Deux fois par mois, Le Devoir lance à des passionnés de philosophie et d’histoire des idées le défi de décrypter une question d’actualité à partir des thèses d’un penseur marquant.

La crise sanitaire actuelle est le révélateur puissant d’une dérive scientifique qui déborde sur un monde politique parfois complice et annonce un effet potentiellement délétère sur notre mode de vie et sur l’humanité en général. C’est comme si, d’un seul coup et sous l’impulsion de l’idéologie scientiste, surgissait un décalage inédit entre nos vies, le sens de notre vie et la conduite sociale de celle-ci, bref que le souci de l’humain ne compte plus. Aussi bien dire que la science omnipotente avale dorénavant la culture et la pulsion de vie qui l’accompagne habituellement. Pour le philosophe français Michel Henry (1922-2002), cela illustre parfaitement combien le champ de nos vies est labouré par un unique mode de savoir : celui de la science et de son esprit souvent mercantile.

On le constate, la science (la santé) a pris l’ascendant sur tout : sur la vie collective, la politique, l’éthique, mais surtout sur la culture et le sens qu’elle devrait distiller dans nos vies. Se pourrait-il que la prévalence du savoir de la science, qui ne retient que les formes et les objets pouvant « se prêter à une détermination idéale », qu’on qualifie par le terme objectivité, mette hors jeu le savoir de la vie (plus subjectif) et la culture qui en découle ? Serions-nous au seuil d’une crise humanitaire susceptible de transformer la manière dont nous appréhendons la vie et notre propre humanité ?

La science en question

 

Déployant une phénoménologie matérielle où sont posés les problèmes fondamentaux du monde et de la vie, Michel Henry dirait que le caractère et la forme de la crise actuelle tendent à exacerber l’emprise de la science sur nos vies, avec pour effet de soustraire au regard le rapport plus fondamental à la vie et à la culture qui en dépend.
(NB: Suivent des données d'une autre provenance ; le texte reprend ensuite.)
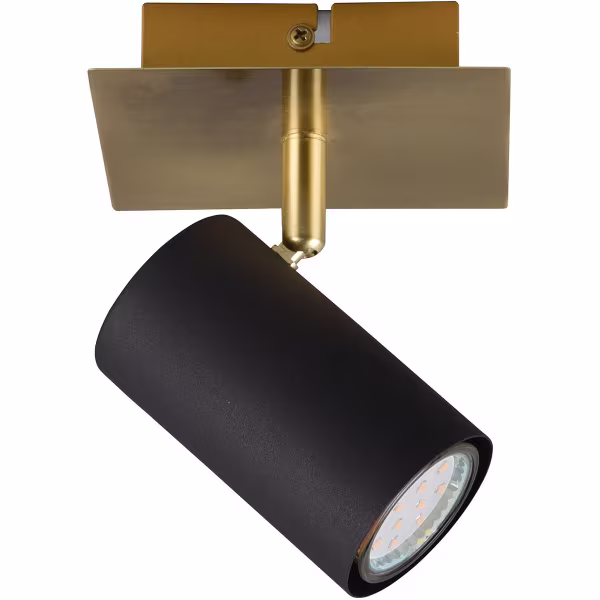HLW LED LED wall spotlight - Trion Milona - GU10 fitting - 1 light - Round - Matte black/gold - Aluminum HLW LED LED wall spotlight - Trion Milona - GU10 fitting - 1 light - Round - Matte black/gold - Aluminum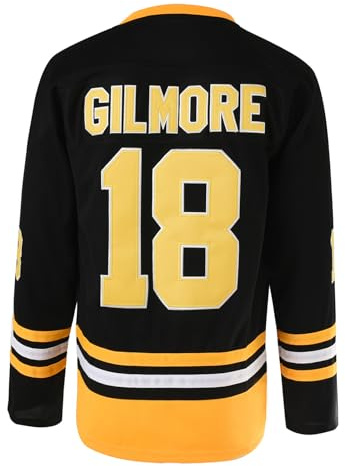 Happy Gilmore #18 Trikot Boston Adam Sandler 1996 Movie Eishockey Trikot 90er Jahre Hip Hop Stitched Shirt für Party S-3XL, Schwarz, XX-Large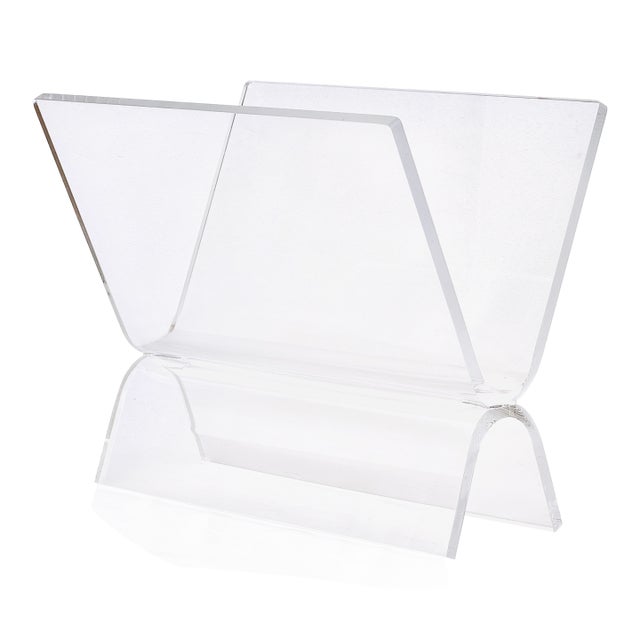 Mid 20th Century Lucite Magazine Holder For Sale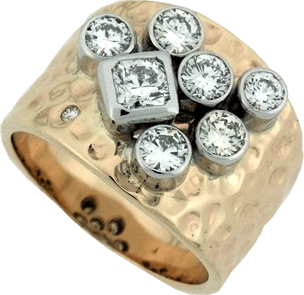 Tube Set Diamonds Custom Ring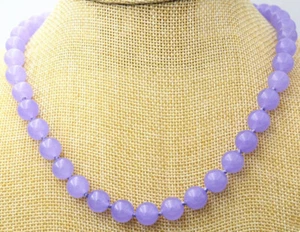 Handmade 10mm Natural Lavender Jade Round Gemstone Beads Necklace 18'' AAA - Picture 1 of 6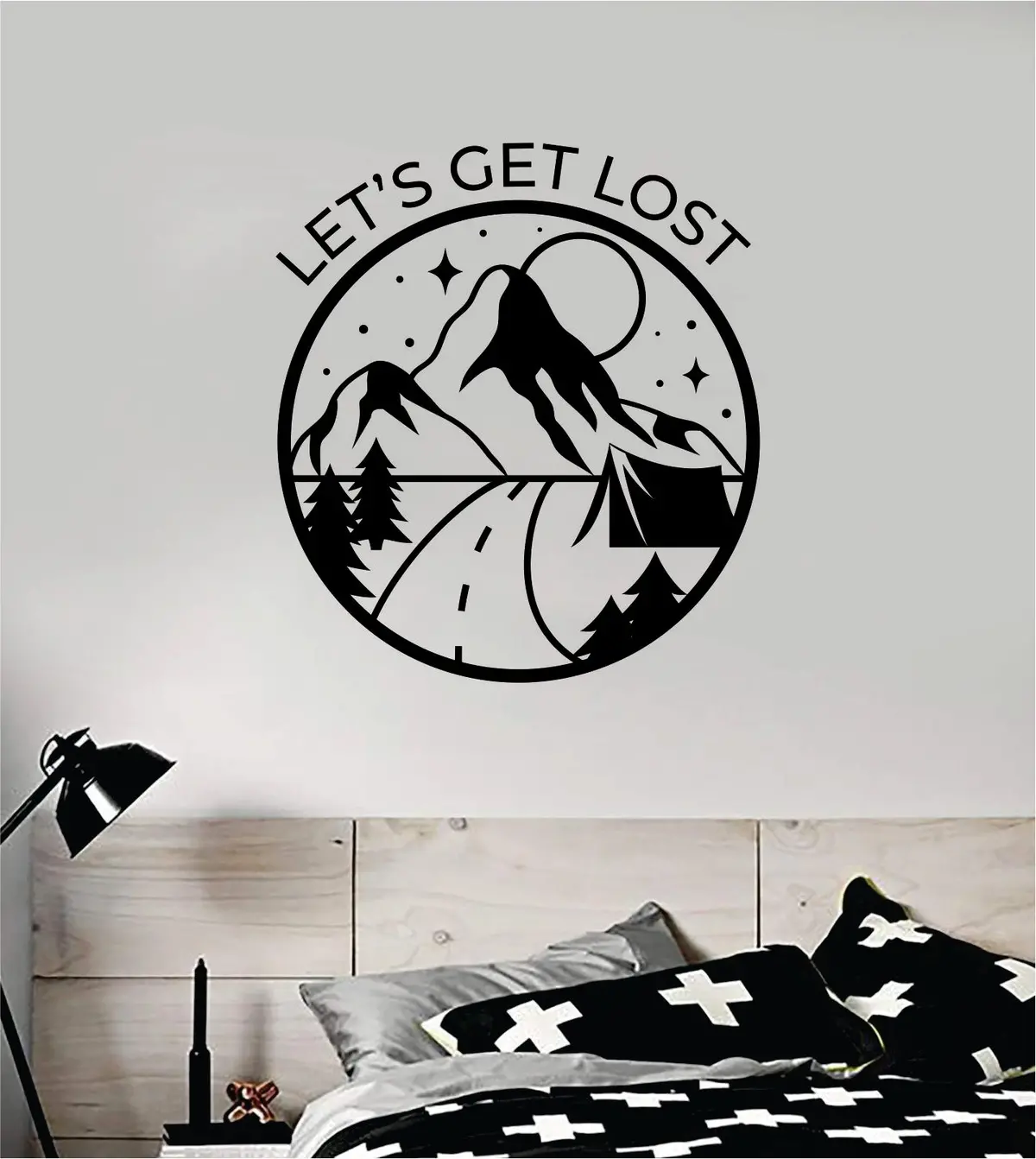 Let's Get Lost Mountains Wall Decal Sticker Bedroom Room Art Vinyl Beautiful Inspirational Adventure Travel Wanderlust Teen Kids Baby Nursery 1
Autrement dit, le scientisme, cette idéologie barbare selon Henry, tendrait à provoquer, contrairement à l’art, l’appauvrissement du fait humain en « évacuant les qualités sensibles de la nature ».

Cela est d’autant plus déterminant que, pour Henry, la science et la technologie se déploient sans égard pour la vie, la culture et l’art. Engagée dans son propre mouvement d’autodéveloppement et d’autojustification, la science veut faire voir le monde de manière objective, mais un monde circonscrit à cette vue. Autrement dit, les intérêts et les projets de la science sont les deux côtés d’une seule et même médaille, ce qui occulte l’essentiel : la subjectivité ou ce qui constitue « la condition permanente de la propre possibilité » de la science et du monde. « Le monde, écrit Henry, est un monde sensible […], parce qu’il est affectif en son fond. »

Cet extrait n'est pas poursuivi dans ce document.